• **Dataset entries**
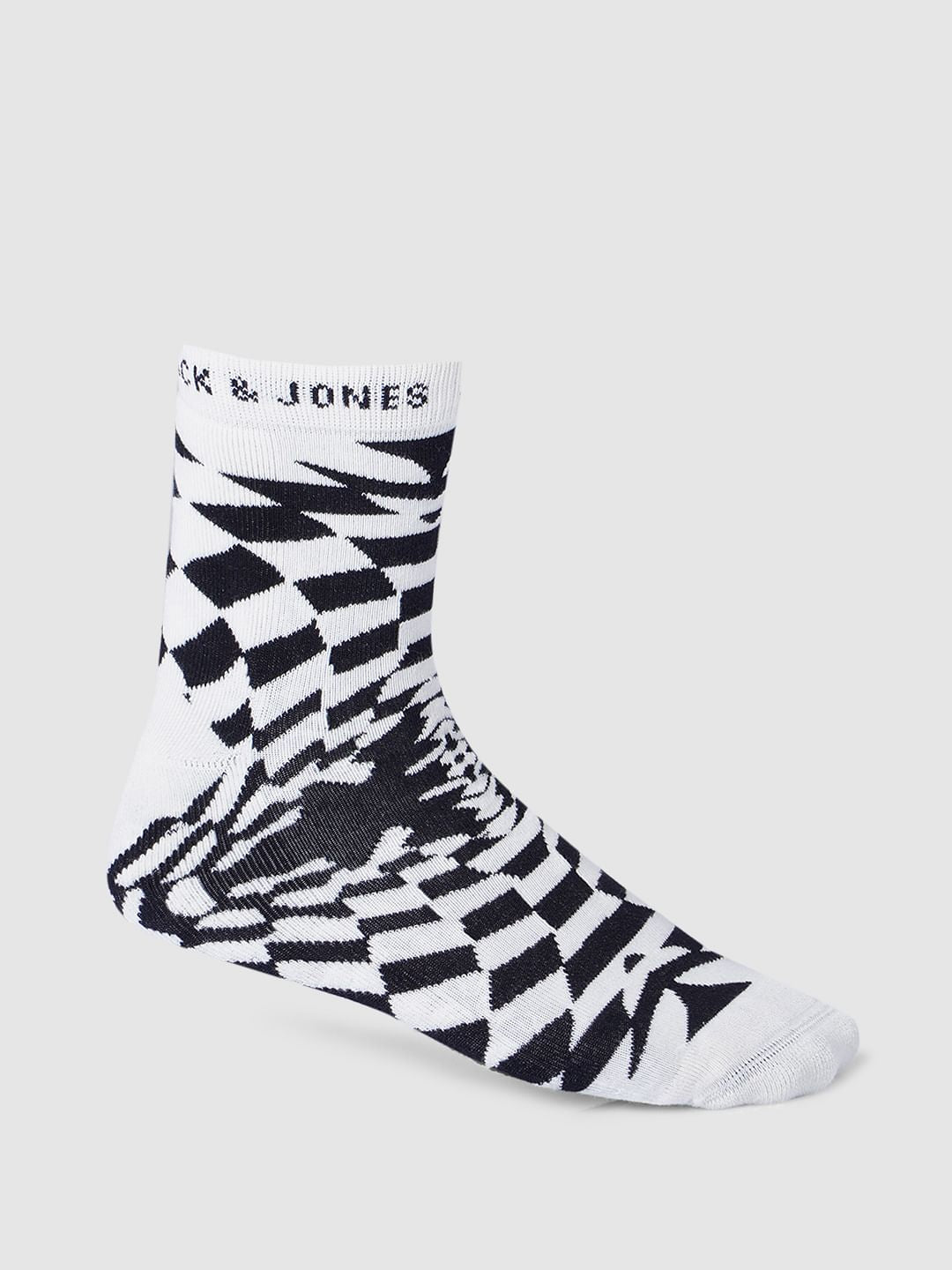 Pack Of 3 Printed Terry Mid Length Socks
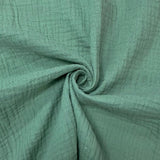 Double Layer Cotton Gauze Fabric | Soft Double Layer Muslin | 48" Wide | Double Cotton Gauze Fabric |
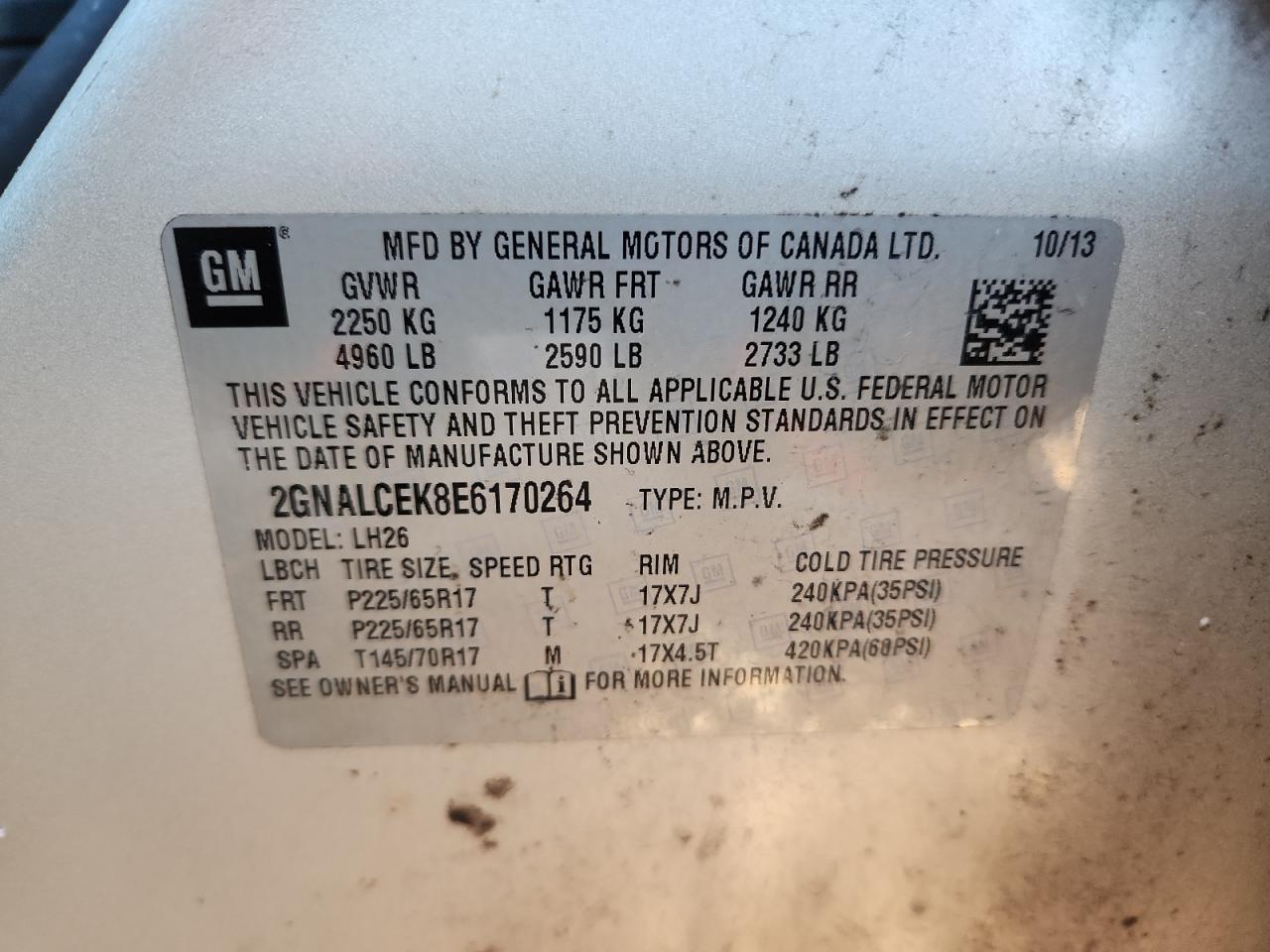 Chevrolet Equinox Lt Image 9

---

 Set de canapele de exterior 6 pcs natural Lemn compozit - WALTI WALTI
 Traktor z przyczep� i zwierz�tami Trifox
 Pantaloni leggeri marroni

• **Directions**
All that is needed is the exact run of lines above from the line containing "Set de canapele" through the line containing "Pantaloni leggeri marroni", both of them included.

• **Result**
 Set de canapele de exterior 6 pcs natural Lemn compozit - WALTI WALTI
 Traktor z przyczep� i zwierz�tami Trifox
 Pantaloni leggeri marroni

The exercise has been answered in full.